TO DO: Only the lines from the one containing "A.C. Milan Formation 2013" through the end of the data belong in the answer; reproduce them exactly.

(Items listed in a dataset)
☆ ☆ ☆

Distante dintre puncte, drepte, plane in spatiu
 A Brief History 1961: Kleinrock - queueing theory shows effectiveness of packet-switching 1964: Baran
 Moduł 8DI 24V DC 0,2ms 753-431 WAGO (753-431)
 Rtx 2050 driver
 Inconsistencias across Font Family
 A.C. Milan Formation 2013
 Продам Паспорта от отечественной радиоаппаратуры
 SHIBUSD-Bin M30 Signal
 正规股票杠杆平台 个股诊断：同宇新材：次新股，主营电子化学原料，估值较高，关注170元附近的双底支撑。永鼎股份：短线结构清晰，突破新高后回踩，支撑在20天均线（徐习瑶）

☆ ☆ ☆

ANSWER SECTION:
 A.C. Milan Formation 2013
 Продам Паспорта от отечественной радиоаппаратуры
 SHIBUSD-Bin M30 Signal
 正规股票杠杆平台 个股诊断：同宇新材：次新股，主营电子化学原料，估值较高，关注170元附近的双底支撑。永鼎股份：短线结构清晰，突破新高后回踩，支撑在20天均线（徐习瑶）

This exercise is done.